- Material provided -
== Segment start ==

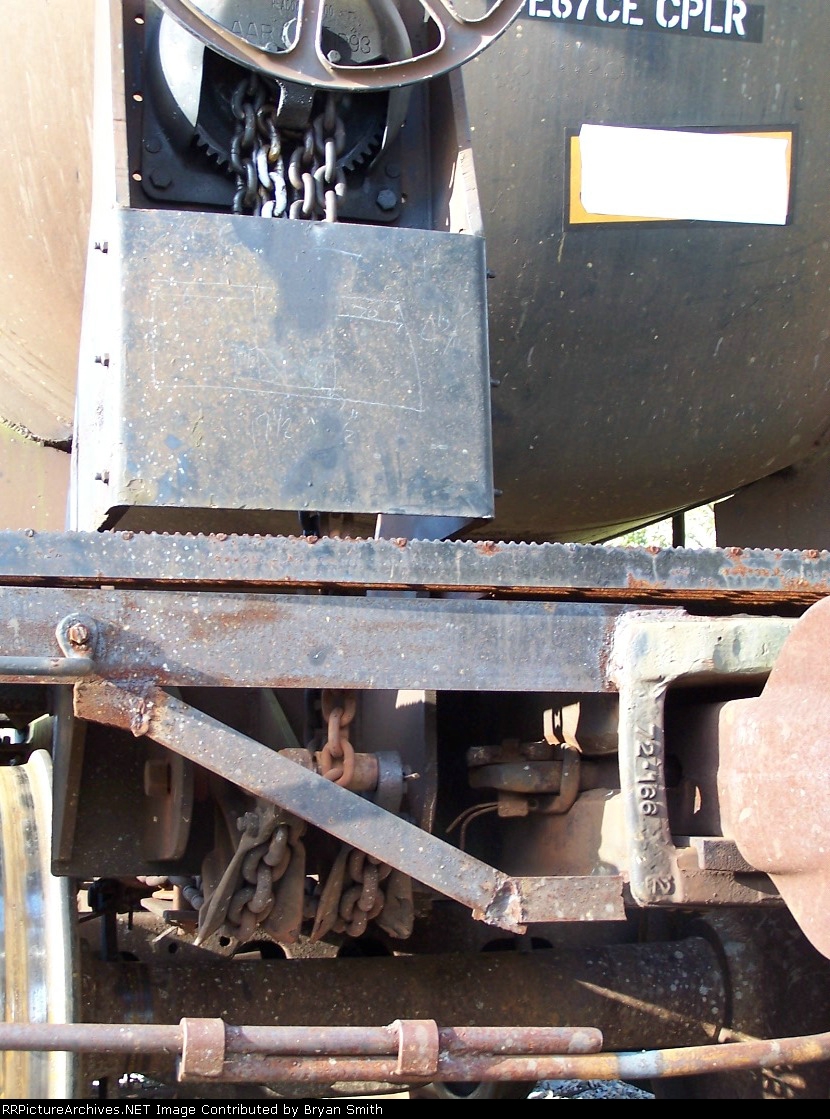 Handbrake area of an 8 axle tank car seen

== Segment end ==
== Segment start ==

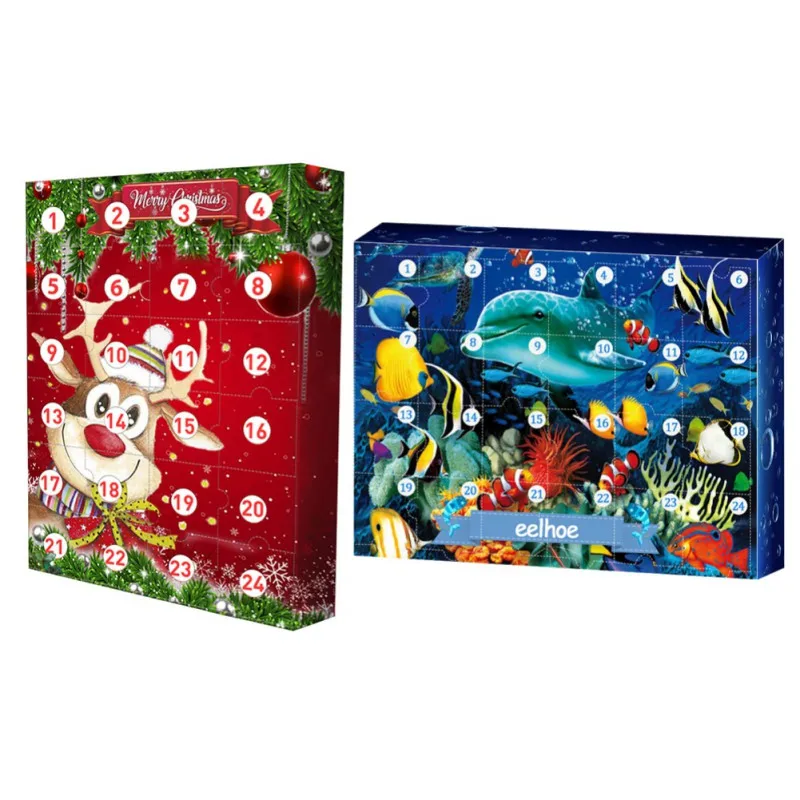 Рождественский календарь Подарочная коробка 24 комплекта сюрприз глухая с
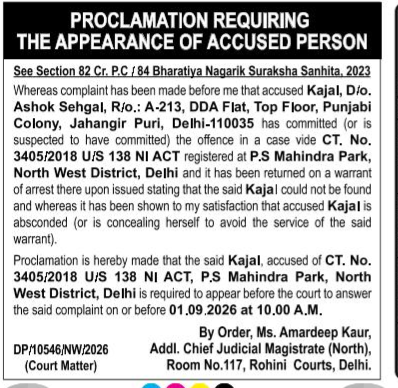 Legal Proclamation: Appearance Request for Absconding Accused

== Segment end ==
== Segment start ==

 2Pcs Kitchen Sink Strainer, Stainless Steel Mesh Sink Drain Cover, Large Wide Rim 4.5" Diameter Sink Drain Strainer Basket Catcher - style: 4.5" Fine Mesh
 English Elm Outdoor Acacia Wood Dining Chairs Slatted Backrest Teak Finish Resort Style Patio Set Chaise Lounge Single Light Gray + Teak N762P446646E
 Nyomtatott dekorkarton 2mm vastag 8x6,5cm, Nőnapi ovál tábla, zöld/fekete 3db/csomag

== Segment end ==

Your answer must consist solely of the lines above between the line holding "English Elm Outdoor" and the line holding "Nyomtatott dekorkarton 2mm", inclusive, copied exactly.

- Solution -
 English Elm Outdoor Acacia Wood Dining Chairs Slatted Backrest Teak Finish Resort Style Patio Set Chaise Lounge Single Light Gray + Teak N762P446646E
 Nyomtatott dekorkarton 2mm vastag 8x6,5cm, Nőnapi ovál tábla, zöld/fekete 3db/csomag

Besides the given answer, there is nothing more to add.